## DATA EXTRACT
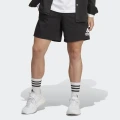 adidas Essentials Logo Shorts Lifestyle A/S Men Black / White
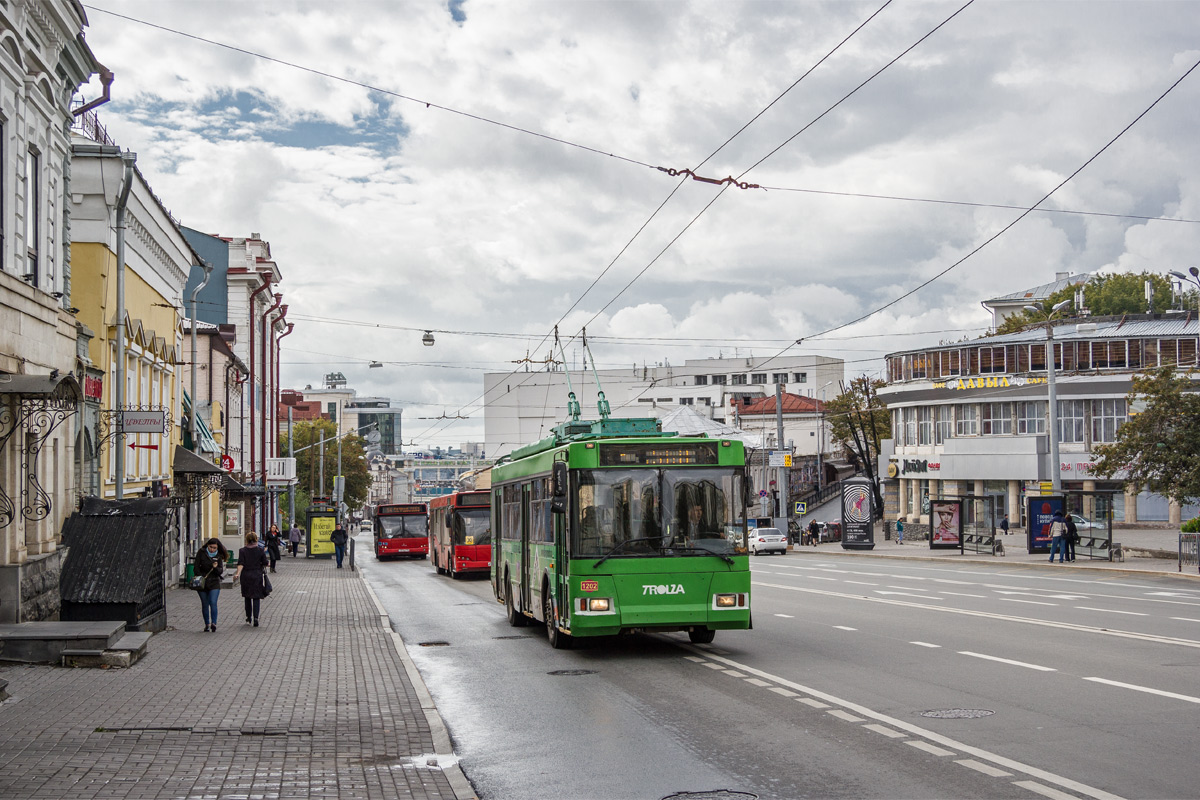 Казань, Тролза-5275.05 «Оптима» № 1202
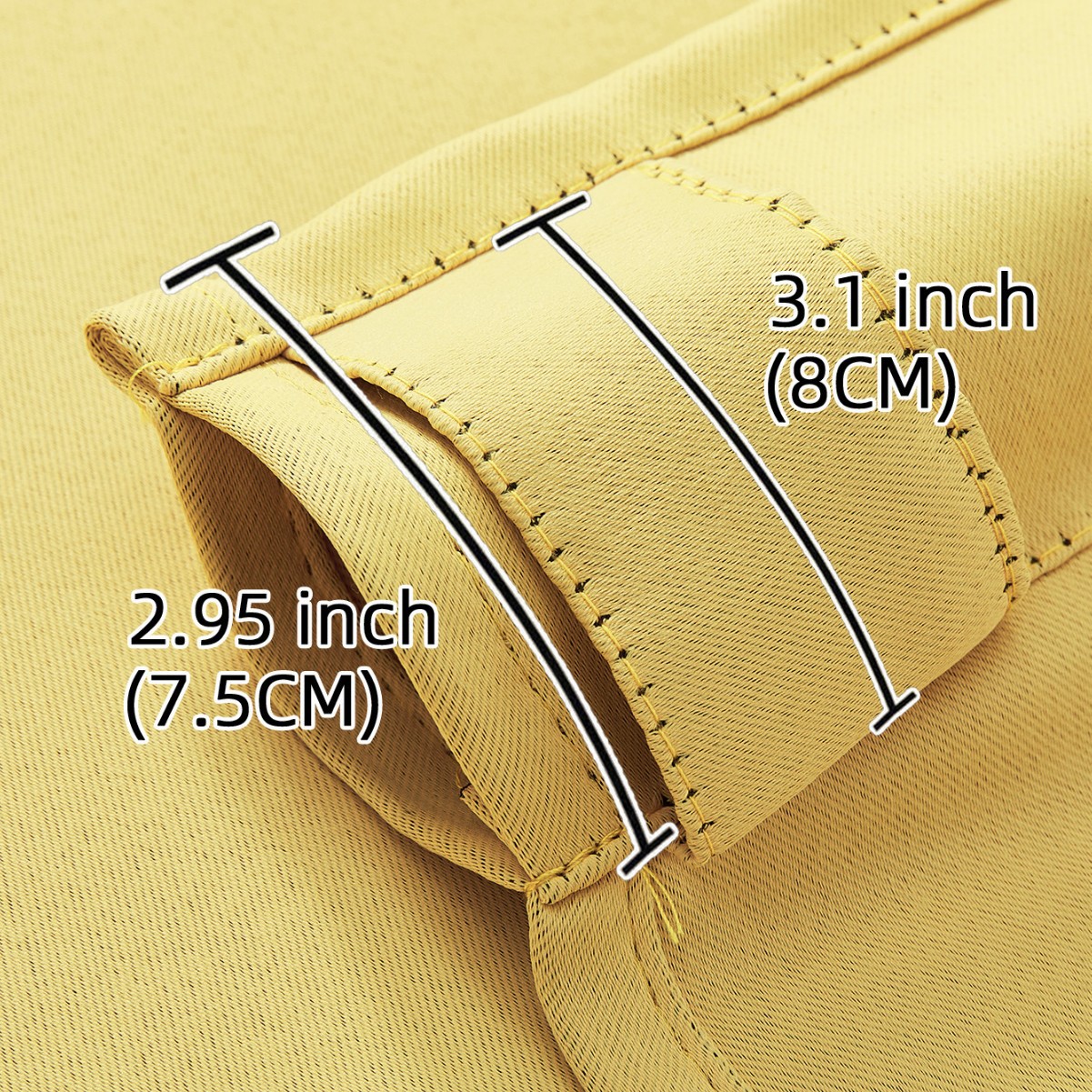 YL-36890 Thickened double-sided linen blackout curtains engineering hotel school sound insulation heat insulation full blackout cotton and linen curta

## WORK INSTRUCTION
Line by line, return the listing above exactly, leaving out its pictures.

## RESPONSE AREA
 adidas Essentials Logo Shorts Lifestyle A/S Men Black / White
 Казань, Тролза-5275.05 «Оптима» № 1202
 YL-36890 Thickened double-sided linen blackout curtains engineering hotel school sound insulation heat insulation full blackout cotton and linen curta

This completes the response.